Multiple myeloma (MM) subpopulation gene-set exhibits osteolytic features and is detrimental to OS. A, Through the disease course for patient #1093, spikes in serum calcium occurred during periods of disease activity with high levels of LCE-MM. B, The GEP70 score for high-risk MM was significantly higher in the LCE-MM subpopulation compared with the IGH-MM subpopulation. C, Five key genes in the GEP70 score were even more upregulated in LCE-MM compared with IGH-MM. D, In the MMRF cohort, 325 patients had RNA-seq and osteolytic data at diagnosis, with 83 showing high LCE-MM gene-set scores and 79 showing low LCE-MM gene-set scores by gene-set enrichment analysis.

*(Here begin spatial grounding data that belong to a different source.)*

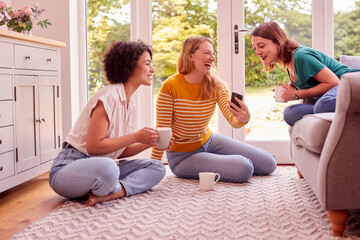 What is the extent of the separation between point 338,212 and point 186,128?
1.28 m

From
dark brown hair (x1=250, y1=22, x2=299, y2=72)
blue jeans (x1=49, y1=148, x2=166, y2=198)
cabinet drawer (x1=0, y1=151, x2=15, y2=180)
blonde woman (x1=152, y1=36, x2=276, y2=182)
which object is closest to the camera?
blue jeans (x1=49, y1=148, x2=166, y2=198)

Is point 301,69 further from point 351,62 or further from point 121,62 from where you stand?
point 121,62

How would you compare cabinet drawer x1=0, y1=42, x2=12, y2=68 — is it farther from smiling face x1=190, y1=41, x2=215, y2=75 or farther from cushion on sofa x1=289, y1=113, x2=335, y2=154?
cushion on sofa x1=289, y1=113, x2=335, y2=154

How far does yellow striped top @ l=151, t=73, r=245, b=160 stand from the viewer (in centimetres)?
271

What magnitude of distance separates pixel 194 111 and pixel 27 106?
3.19 feet

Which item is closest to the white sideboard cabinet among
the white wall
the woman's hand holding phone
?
the white wall

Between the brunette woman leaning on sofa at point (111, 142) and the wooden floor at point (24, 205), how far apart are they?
0.51 ft

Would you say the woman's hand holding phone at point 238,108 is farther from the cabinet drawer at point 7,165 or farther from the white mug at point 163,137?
the cabinet drawer at point 7,165

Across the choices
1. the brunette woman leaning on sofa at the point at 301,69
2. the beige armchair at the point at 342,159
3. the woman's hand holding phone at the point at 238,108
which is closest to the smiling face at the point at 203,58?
the brunette woman leaning on sofa at the point at 301,69

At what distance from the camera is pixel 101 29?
372 centimetres

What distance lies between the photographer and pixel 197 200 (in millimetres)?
2209

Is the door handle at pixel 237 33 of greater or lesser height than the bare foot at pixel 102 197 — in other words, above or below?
above

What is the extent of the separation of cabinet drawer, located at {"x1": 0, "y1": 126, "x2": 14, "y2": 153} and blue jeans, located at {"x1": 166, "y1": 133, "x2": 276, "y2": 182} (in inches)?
37.4

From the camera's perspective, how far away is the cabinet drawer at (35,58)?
2.44 metres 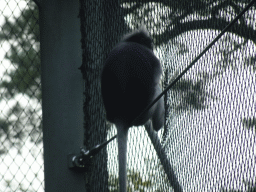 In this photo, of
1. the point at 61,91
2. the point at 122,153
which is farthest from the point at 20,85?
the point at 122,153

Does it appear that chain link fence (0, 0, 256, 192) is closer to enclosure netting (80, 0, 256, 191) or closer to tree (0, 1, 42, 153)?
enclosure netting (80, 0, 256, 191)

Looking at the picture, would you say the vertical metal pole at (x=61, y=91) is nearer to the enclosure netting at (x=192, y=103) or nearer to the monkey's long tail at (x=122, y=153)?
the enclosure netting at (x=192, y=103)

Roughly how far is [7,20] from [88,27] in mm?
958

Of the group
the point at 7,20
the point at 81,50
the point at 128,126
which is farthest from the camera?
the point at 7,20

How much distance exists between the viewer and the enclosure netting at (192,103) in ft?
3.30

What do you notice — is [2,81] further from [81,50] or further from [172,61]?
[172,61]

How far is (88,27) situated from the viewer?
167cm

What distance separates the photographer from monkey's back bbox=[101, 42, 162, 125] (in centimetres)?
150

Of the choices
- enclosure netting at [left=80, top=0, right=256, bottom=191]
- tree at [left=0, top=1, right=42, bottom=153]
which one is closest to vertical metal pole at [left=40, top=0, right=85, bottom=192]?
enclosure netting at [left=80, top=0, right=256, bottom=191]

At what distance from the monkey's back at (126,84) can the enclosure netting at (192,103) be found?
101mm

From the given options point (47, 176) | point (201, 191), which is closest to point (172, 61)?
point (201, 191)

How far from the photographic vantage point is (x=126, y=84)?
4.91 feet

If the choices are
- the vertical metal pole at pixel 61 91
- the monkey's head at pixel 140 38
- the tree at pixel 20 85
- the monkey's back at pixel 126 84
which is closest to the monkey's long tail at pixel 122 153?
the monkey's back at pixel 126 84

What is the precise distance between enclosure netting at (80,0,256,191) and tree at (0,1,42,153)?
904 mm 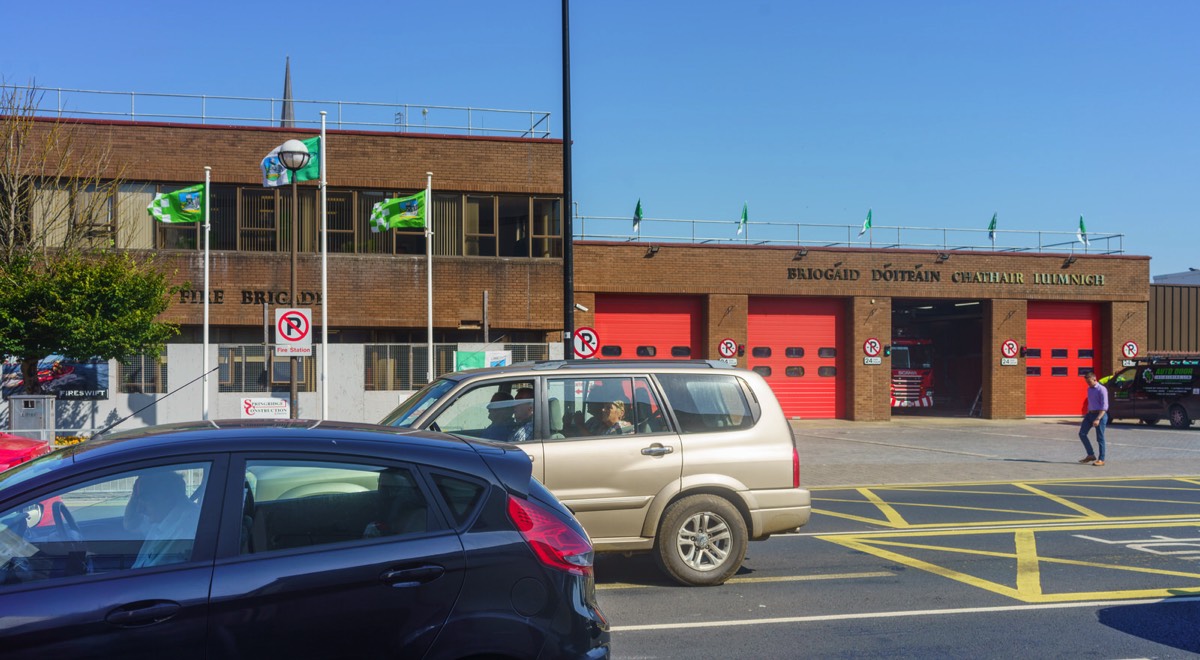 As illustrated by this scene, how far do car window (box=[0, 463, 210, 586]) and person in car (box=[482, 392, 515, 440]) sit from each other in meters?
4.10

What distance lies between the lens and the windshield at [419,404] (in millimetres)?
8086

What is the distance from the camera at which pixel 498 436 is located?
8.05 meters

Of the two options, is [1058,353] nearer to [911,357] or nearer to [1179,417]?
[911,357]

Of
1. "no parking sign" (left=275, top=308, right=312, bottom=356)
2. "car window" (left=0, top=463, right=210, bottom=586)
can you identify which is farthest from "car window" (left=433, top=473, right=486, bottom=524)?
"no parking sign" (left=275, top=308, right=312, bottom=356)

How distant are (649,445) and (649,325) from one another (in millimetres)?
23358

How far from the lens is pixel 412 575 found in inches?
159

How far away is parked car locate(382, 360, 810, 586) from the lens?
806 cm

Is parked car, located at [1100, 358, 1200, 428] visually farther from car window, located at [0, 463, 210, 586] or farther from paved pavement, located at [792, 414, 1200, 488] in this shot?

E, In the GSE24080 cohort, 254 microarray samples were available from patients at diagnosis, with gene-set enrichment identifying 57 new diagnosis samples with high and 62 samples with low LCE-MM gene-set scores. F, Most of the samples in the MMRF dataset that were enriched for the LCE-MM signature had ≥3 osteolytic lesions (*, P < 0.05; **, P < 0.01; ***, P < 0.001 by the Fisher exact test). G, LCE-MM enriched samples in the MMRF developed diffuse osteolytic lesions at a more rapid rate than those with a low LCE-MM signature (P = 4.9 × 10⁻³ by Cox-p test). H, Samples in the GSE24080 dataset that were enriched for the LCE-MM gene-set had increased lytic bone lesions relative to samples with a low LCE-MM gene-set score (P < 0.05 by t test). I, In the MMRF dataset patients with high LCE-MM gene enrichment score had worse OS than those with low LCE-MM gene enrichment. J, In the GSE24080 dataset patients with high LCE-MM gene enrichment score also had worse OS than those with low LCE-MM gene enrichment (log-rank test). Dotted lines indicated 50% survival.